Acción y Contemplación para Ser como Cristo - Benedicto XVI

Acción y Contemplación para Ser como Cristo
Benedicto XVI


El Santo Padre se refirió, en esta Catequesis, a la Vida y Personalidad de San Buenaventura de Bagnoregio, Doctor de la Iglesia [I].


VATICANO, 03 Mar. 10 (ACI).- En la Catequesis de la Audiencia General de este miércoles, el Papa Benedicto XVI habló sobre San Buenaventura, una figura especialmente grata a él por los estudios que hizo en su juventud. De él, dijo el Santo Padre, se puede aprender la necesaria combinación entre Acción y Contemplación para Encarnar el Evangelio y Ser como Cristo.

El Papa explicó que Buenaventura nació hacia el año 1217 en la ciudad italiana de Bagnoregio y murió en 1274, fue uno de los grandes personajes que contribuyó a la "armonía entre fe y cultura" en la Europa del siglo XIII. Era "hombre de acción y contemplación, de profunda piedad y prudencia en el gobierno".

Bautizado con el nombre de Juan da Fidanza, una grave enfermedad en su juventud lo llevó a las puertas de la muerte.

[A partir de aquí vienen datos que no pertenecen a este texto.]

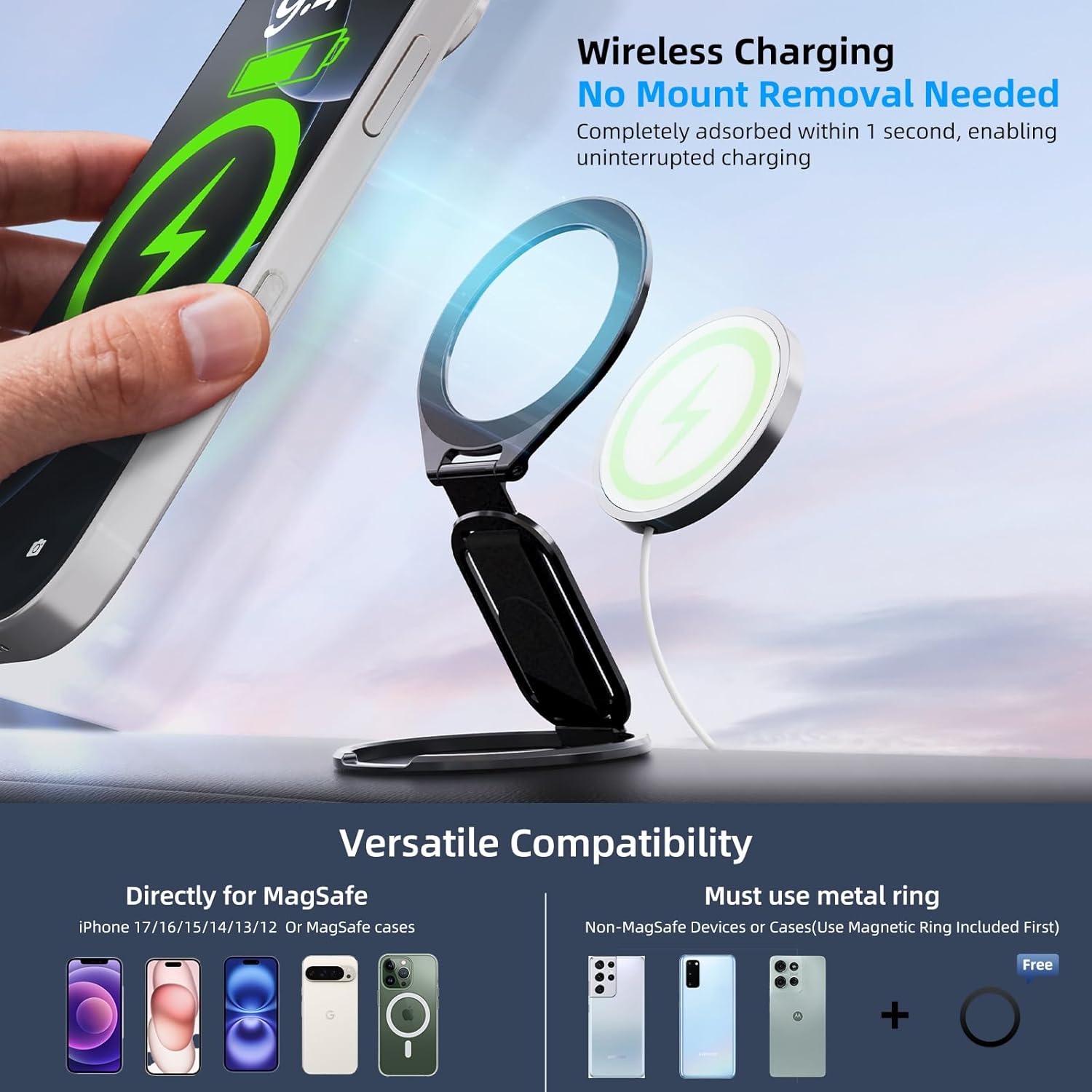 Compatible with MagSafe Phone Grip with Phone Ring Holder, All-in-ONE Cell Phone Grips Compatible with Wireless Charging, Strong Magnetic Phone Grip for iPhone 17/16/15/14/13/12 Series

Su madre lo encomendó a Francisco de Asís, canonizado pocos años antes y Juan sanó. Ese hecho marcará toda su vida. Durante su formación en París, donde estudiaría Teología, decidió ingresar en un Convento Franciscano, tomando el nombre de Buenaventura. En los primeros años de vida religiosa destacó por su conocimiento de la Sagrada Escritura, de las Sentencias de Pedro Lombardo y de los más grandes Teólogos de su época.

"La perfección Evangélica" es la respuesta de Buenaventura a la polémica desatada contra las Órdenes Menores, de las que se ponía en entredicho el derecho a enseñar en las Universidades e incluso la autenticidad de su Vida Consagrada. En ese texto, el Santo demuestra "como las Órdenes Menores, especialmente los Frailes Menores, practicando los votos de pobreza, castidad y obediencia, seguían los consejos del mismo Evangelio", explicó el Santo Padre.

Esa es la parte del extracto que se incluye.